Was passiert, wenn wir nicht schlafen? Wie Sauerstoff, Nahrung oder Wasser ist Schlaf lebenswichtig: Ohne Schlaf sterben wir an einem Multiorganversagen. Doch auch ohne tödlichen Ausgang hat langfristiger Schlafentzug schwere Folgen. Zu wenig Schlaf beeinträchtigt zuallererst unsere Gehirnleistung. Konzentrations- und Gedächtnisprobleme nehmen zu, der psychische Zustand verschlechtert sich. Bei extremem Schlafmangel beginnen wir sogar zu halluzinieren.
Laut einem Bericht des U.S.-Senate Intelligence Committee von 2014 über Folter ist Schlafentzug eine effektive Möglichkeit, um «den Willen des Gefangenen zu brechen».
Der längste bekannte freiwillige Schlafentzug dauerte elf Tage.

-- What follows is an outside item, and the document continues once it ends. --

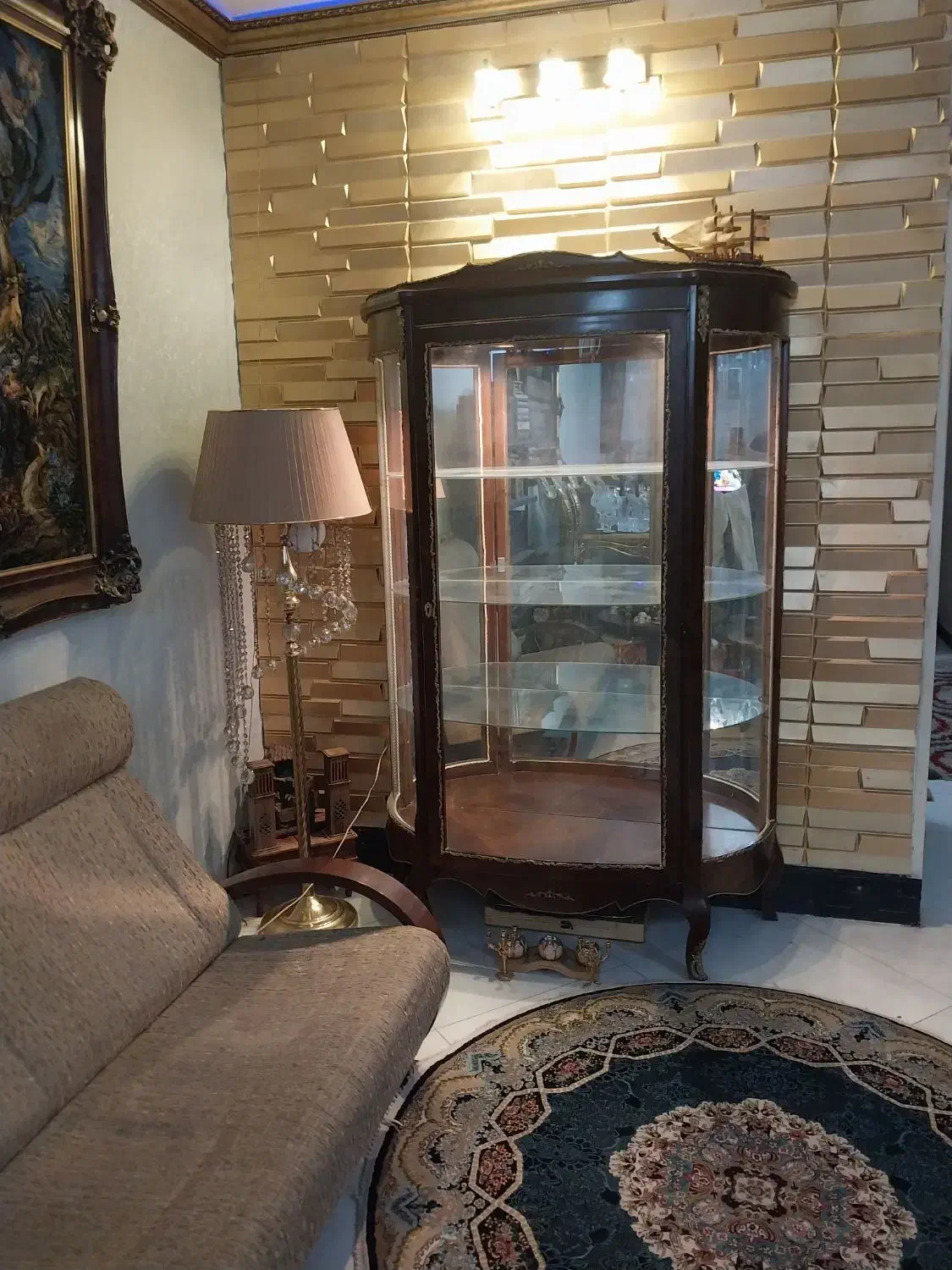 ویترین کریستال و آباژور و ساعت|بوفه، ویترین، کنسول|پردیس, فاز ۲|دیوار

Wie lang der Mensch ohne Schlaf überleben kann, ist wissenschaftlich nicht erforscht – aus ethischen Gründen. Der längste bekannte freiwillige Schlafentzug dauerte elf Tage. Der Brite Tony Wright wagte 2007 den Selbstversuch und fiel nach 266 Stunden zwar nicht tot um, aber in einen tiefen Schlaf.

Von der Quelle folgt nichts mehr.